Aufschlussreich ist immer wieder der Blick auf die Remissionsquote. 2016 belief sie sich im digitalen Bereich auf 0,89 Prozent vom Umsatz – ein leichter Anstieg auf niedrigem Niveau (2015: 0,71 Prozent). "Die Gesetzesänderung hin zu einer ver­braucherfreundlichen neuen Rückgabe­regelung aus dem Jahr 2014 hatte bisher keine extremen Auswirkungen auf die Remissionsquote", lautet die Bilanz des Digitalexperten. Fraglich bleibe, ob der Anstieg durch eine höhere Kulanz der Händler oder durch häufigere Rückgaben auf Basis der neuen Gesetzeslage verursacht werde.

Analog zu der Entwicklung bei den gedruckten Büchern zeigt sich auch bei den E-Books eine Zunahme des Auslandsgeschäfts. Etwa 60 Prozent der Umsätze wurden 2016 in Deutschland generiert, rund 40 Prozent stammen aus dem Ausland – mit steigender Tendenz. 90 Prozent der Auslandsumsätze wiederum werden mit dem deutschsprachigen Ausland getätigt. Maßgeblich für die Länderzuordnung ist dabei der Sitz des Endkunden, der das Buch kauft, und nicht der Standort des Shop-Betreibers.

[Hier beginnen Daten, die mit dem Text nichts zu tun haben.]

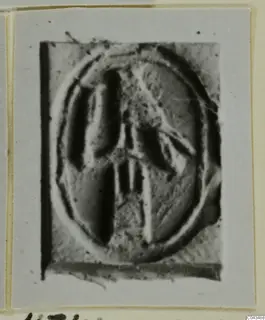 Oval seal or gem face with a raised central motif, photographed on a mounted card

Nimmt man den Anteil der fakturierten Exemplare als Kennzahl, so finden rund 65 Prozent der Einheiten ihre Leser im Inland, 35 Prozent werden von Käufern im Ausland erworben. Hierbei kommen mehr als 80 Prozent der Auslandsabsätze mit dem deutschsprachigen Ausland zustande. "Weiterhin lässt sich vermuten", so Klingelhöfer, "dass der Export in andere, nicht deutschsprachige Märkte ein wachsendes, moderates Zusatzgeschäft für deutsche Verlage darstellt."